The launch of footwear designed “for women first” earned best women’s specific shoe in 2022 by Runner’s World and has led to out of stocks. McDonald said, “Although we expect to be in a better inventory position in the coming weeks, demand has far exceeded our sales forecast. As a result, we do anticipate that we will be chasing into additional inventory for the remainder of the year.”
The launch of golf and tennis “both performed well this quarter,” said McDonald. Both are comprised of pieces from our core assortment as well as styles designed specifically for the activities to support crossover sales. McDonald said, “We are pleased with these results and we’ll continue to lean into these strategies.”
For the second quarter, launches include SenseKnit, its newest fabric designed for runners that extends across nine styles.

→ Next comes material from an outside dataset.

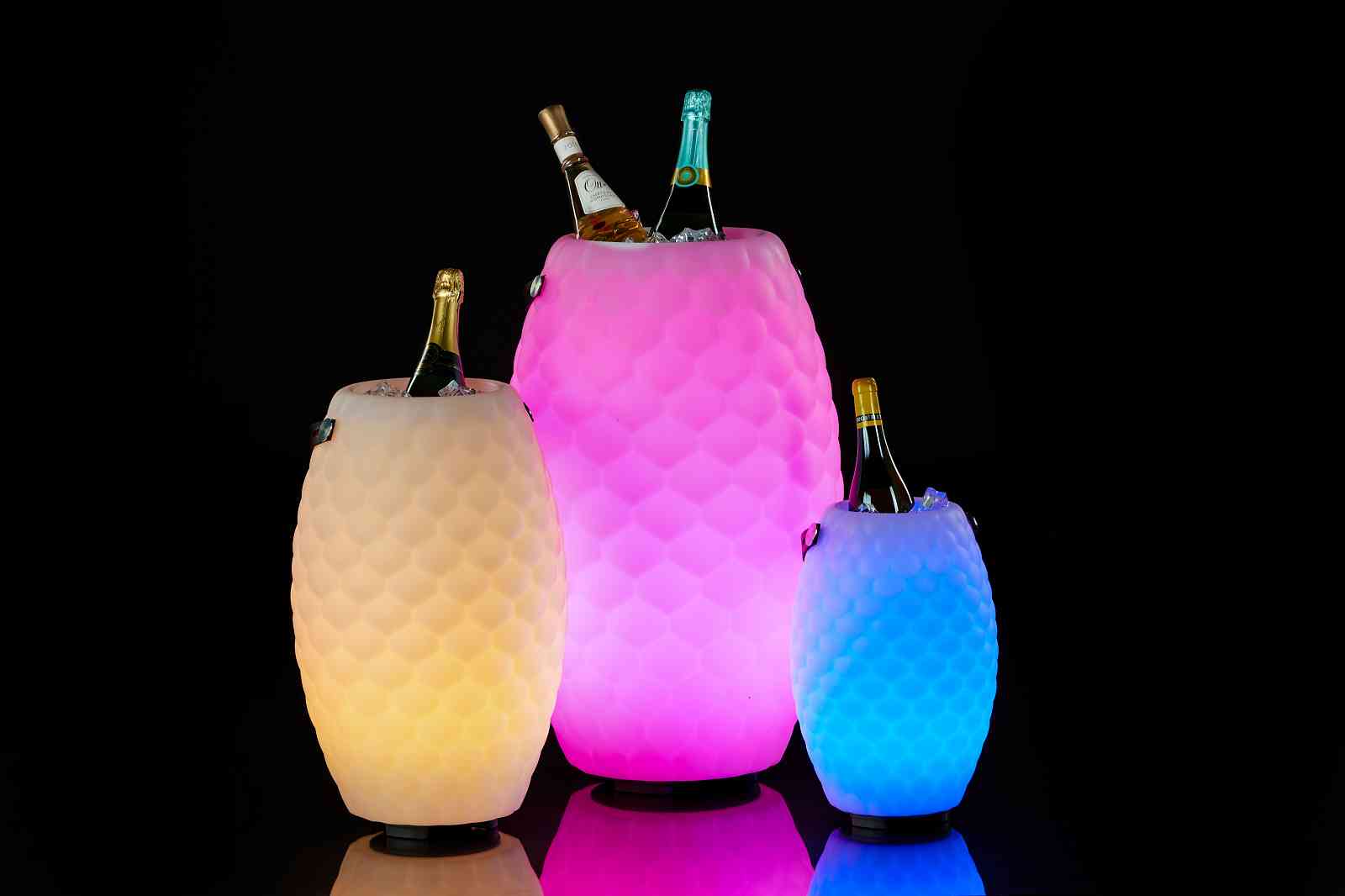 The Joouly Limited Musik Outdoor Leuchte LTD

McDonald said, “Based upon collaborative work with our ambassadors and athletes, we determine the sensation runners are looking for unrestricted lightweight support, while also delivering the technical performance and endurance they expect from Lululemon.”
In coming weeks, Lululemon will launch a Hike range as the the activity of hiking has increased in popularity over the pandemic. Lululemon is also introducing Throwbacks, which will feature re-releases of past collections, including updated versions of its Astro Pant, Shape Jacket and Inspire Crop.
Finally, in footwear, its second style, the Restfeel slide, was introduced this week following March’s Blissfeel launch and two more, Chargefeel and Strongfeel, are on track to arrive in the second half. Said McDonald, “This is just the beginning for us within this category, which has considerable opportunity.”
Looking ahead, revenue in the second quarter is projected to be in the range of $1.750 billion to $1.775 billion, representing a three-year compound annual growth rate of approximately 26 percent. Year-over-year, the guidance represents a growth of about 17 percent.
EPS for the second quarter is expected in the range of $1.89 to $1.94 for the quarter and, excluding the gain on the sale of an administrative office building, adjusted EPS is expected to be in the range of $1.82 to $1.87. In the 2021 second quarter, adjusted EPS was $1.65.
For 2022, the company now expects net revenue to be in the range of $7.610 billion to $7.710 billion, representing a three-year compound annual growth rate of 24 percent to 25 percent. Year over year, the sales gains range from 21 to 22 percent against $6.3 million in 2021. Previously, Lululemon’s guidance called for sales for the year in the range of $7.49 billion to $7.615 billion.
EPS for 2022 is now expected in the range of $9.42 to $9.57 for the year and $9.35 to $9.50 on an adjusted basis. Previously, EPS was expected to be in the range of $9.15 to $9.35.